Step 1: Analyze $g(x) = e^x - 1$.

The critical point for the inner absolute value is when $e^x - 1 = 0$, which implies $e^x = 1$, so $x = 0$.

Step 2: Analyze $h(x) = |e^x - 1|$.

$h(x) = \begin{cases} e^x - 1 & \text{if } e^x - 1 \ge 0 \implies x \ge 0 \\ -(e^x - 1) & \text{if } e^x - 1 < 0 \implies x < 0 \end{cases}$

$h(x) = \begin{cases} e^x - 1 & \text{if } x \ge 0 \\ 1 - e^x & \text{if } x < 0 \end{cases}$

Step 3: Analyze $k(x) = |e^x - 1| - 1$.

$k(x) = \begin{cases} (e^x - 1) - 1 & \text{if } x \ge 0 \\ (1 - e^x) - 1 & \text{if } x < 0 \end{cases}$

$k(x) = \begin{cases} e^x - 2 & \text{if } x \ge 0 \\ -e^x & \text{if } x < 0 \end{cases}$

The critical points for the outer absolute value are when $k(x) = 0$.

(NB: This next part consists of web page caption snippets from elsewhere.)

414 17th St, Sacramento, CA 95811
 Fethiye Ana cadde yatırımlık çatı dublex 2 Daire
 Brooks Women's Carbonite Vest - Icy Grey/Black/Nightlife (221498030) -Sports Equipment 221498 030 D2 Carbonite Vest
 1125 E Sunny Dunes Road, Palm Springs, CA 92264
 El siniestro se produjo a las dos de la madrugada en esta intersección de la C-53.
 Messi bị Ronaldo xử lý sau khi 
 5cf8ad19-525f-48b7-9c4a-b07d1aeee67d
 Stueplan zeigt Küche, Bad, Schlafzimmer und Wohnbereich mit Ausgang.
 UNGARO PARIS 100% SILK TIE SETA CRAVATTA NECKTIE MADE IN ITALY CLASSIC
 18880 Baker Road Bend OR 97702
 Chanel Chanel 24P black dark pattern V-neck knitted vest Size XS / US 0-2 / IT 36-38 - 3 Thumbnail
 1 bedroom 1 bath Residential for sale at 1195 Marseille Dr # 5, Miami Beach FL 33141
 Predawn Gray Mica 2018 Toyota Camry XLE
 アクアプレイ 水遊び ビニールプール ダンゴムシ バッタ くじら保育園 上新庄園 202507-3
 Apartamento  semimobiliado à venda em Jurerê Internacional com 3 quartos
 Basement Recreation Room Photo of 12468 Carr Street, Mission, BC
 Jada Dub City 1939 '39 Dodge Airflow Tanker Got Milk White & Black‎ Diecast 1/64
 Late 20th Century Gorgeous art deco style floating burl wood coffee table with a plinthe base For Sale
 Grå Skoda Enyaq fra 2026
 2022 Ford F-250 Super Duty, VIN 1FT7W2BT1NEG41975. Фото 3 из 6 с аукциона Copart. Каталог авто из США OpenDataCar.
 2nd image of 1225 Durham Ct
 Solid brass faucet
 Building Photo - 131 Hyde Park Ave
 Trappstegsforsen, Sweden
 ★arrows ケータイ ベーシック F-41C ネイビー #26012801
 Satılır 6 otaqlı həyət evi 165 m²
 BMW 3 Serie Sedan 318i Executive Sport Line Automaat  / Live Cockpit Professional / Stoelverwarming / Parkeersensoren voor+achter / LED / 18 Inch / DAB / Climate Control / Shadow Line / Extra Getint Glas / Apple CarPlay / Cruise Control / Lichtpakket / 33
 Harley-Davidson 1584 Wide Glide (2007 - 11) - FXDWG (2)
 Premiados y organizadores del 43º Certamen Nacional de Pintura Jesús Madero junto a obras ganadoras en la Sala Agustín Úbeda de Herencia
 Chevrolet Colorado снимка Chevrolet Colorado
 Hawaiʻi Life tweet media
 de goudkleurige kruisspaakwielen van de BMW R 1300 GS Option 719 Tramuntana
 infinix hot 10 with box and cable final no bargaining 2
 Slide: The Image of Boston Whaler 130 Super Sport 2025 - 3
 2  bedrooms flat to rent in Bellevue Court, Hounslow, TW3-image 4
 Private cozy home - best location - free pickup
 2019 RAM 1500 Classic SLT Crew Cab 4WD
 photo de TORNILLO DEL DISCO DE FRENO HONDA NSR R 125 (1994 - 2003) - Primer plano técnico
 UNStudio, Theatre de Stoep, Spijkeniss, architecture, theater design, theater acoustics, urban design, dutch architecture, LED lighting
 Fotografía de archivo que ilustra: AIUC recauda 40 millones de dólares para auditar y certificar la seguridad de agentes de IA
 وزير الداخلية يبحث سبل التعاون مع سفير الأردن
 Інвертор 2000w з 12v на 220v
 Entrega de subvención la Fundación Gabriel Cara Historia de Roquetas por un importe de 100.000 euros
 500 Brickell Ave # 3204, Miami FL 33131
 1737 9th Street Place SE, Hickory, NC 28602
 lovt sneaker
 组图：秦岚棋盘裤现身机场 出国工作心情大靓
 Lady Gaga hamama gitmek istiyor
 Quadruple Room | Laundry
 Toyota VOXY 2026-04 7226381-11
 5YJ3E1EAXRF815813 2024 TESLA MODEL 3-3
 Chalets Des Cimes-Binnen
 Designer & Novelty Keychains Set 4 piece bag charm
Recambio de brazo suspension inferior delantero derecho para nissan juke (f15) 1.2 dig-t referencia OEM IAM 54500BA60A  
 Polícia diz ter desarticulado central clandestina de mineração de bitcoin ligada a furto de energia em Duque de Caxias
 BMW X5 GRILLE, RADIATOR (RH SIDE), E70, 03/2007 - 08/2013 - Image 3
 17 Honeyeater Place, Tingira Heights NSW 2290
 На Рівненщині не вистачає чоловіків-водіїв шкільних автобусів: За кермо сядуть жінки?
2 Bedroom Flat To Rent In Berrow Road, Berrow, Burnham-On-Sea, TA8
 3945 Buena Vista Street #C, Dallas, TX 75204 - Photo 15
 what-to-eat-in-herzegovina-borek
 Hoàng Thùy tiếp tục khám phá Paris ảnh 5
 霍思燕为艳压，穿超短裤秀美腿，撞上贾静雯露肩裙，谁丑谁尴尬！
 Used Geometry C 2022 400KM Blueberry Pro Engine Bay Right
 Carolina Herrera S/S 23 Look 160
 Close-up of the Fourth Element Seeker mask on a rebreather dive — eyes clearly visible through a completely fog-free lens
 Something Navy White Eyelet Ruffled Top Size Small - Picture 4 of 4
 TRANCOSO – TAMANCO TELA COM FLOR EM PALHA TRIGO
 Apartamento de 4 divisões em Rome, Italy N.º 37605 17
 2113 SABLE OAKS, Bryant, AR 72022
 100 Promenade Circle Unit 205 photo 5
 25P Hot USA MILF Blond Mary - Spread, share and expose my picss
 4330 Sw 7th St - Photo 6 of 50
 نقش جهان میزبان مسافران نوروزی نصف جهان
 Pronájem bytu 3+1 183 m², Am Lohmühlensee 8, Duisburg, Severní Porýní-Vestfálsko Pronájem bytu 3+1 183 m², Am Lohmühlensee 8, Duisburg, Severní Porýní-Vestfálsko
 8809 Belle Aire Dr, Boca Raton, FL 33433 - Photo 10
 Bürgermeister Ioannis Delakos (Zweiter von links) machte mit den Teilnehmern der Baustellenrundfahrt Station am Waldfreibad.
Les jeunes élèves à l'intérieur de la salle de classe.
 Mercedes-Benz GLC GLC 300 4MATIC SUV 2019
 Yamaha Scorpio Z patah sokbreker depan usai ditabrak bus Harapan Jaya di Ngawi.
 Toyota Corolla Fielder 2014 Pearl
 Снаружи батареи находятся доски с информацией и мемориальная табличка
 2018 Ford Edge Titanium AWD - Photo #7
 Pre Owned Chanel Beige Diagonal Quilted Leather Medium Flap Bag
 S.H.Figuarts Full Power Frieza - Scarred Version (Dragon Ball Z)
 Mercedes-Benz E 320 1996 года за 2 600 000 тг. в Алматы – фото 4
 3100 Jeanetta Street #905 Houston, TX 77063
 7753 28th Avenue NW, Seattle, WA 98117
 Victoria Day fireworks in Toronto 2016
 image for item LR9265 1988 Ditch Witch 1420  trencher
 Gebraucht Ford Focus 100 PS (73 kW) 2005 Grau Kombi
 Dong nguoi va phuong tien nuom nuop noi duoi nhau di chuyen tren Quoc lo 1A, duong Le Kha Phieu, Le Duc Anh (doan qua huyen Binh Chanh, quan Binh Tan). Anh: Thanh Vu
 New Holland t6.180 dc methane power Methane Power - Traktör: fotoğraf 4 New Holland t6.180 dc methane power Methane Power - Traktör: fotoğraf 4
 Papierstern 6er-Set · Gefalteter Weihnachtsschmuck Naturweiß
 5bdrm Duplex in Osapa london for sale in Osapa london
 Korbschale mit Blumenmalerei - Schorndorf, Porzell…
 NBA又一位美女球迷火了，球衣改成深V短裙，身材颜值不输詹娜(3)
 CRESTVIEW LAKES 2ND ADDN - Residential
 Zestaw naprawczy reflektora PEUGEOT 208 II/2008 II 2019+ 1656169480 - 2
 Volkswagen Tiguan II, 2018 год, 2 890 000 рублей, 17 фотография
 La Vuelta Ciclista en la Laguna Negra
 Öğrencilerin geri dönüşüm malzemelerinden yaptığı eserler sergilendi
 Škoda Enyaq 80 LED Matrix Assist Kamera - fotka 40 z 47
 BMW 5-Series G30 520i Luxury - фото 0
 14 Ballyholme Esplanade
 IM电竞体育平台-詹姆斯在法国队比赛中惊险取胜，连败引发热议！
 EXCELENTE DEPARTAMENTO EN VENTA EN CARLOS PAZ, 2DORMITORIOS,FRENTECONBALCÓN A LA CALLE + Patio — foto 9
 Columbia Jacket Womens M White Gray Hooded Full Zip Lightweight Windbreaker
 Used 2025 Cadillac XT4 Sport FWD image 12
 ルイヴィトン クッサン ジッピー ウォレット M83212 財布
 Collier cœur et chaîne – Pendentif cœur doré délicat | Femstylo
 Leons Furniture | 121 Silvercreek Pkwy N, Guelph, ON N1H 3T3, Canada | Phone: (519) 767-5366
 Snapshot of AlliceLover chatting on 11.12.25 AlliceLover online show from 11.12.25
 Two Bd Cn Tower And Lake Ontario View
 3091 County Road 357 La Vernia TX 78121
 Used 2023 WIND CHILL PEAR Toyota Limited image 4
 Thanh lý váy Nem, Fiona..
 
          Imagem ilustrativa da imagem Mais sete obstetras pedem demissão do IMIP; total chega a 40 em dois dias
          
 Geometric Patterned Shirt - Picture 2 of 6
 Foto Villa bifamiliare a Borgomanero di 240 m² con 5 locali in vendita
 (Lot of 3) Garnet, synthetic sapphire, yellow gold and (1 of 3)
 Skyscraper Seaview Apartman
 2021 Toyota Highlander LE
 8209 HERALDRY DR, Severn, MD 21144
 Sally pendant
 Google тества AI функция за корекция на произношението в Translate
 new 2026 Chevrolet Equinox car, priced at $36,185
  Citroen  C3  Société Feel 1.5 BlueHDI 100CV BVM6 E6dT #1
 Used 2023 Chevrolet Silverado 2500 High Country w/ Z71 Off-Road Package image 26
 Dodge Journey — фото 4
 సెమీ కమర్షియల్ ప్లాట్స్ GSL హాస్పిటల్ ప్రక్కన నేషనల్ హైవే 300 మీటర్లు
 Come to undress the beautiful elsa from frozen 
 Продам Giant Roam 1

For $x \ge 0$: $e^x - 2 = 0 \implies e^x = 2 \implies x = \ln 2$. (Note: $\ln 2 \approx 0.693$, which is $\ge 0$).

For $x < 0$: $-e^x = 0$, which has no solution.

So, $x = \ln 2$ is a critical point for the outer absolute value.

Step 4: Analyze $f(x) = ||e^x - 1| - 1| = |k(x)|$.

We need to consider the sign of $k(x)$ in different intervals.

• For $x < 0$: $k(x) = -e^x$. Since $e^x > 0$ for all $x$, $-e^x < 0$. So, $f(x) = |-e^x| = e^x$ for $x < 0$.
• For $x \ge 0$: $k(x) = e^x - 2$.
  • If $e^x - 2 \ge 0 \implies x \ge \ln 2$: $f(x) = e^x - 2$.
  • If $e^x - 2 < 0 \implies x < \ln 2$: $f(x) = -(e^x - 2) = 2 - e^x$.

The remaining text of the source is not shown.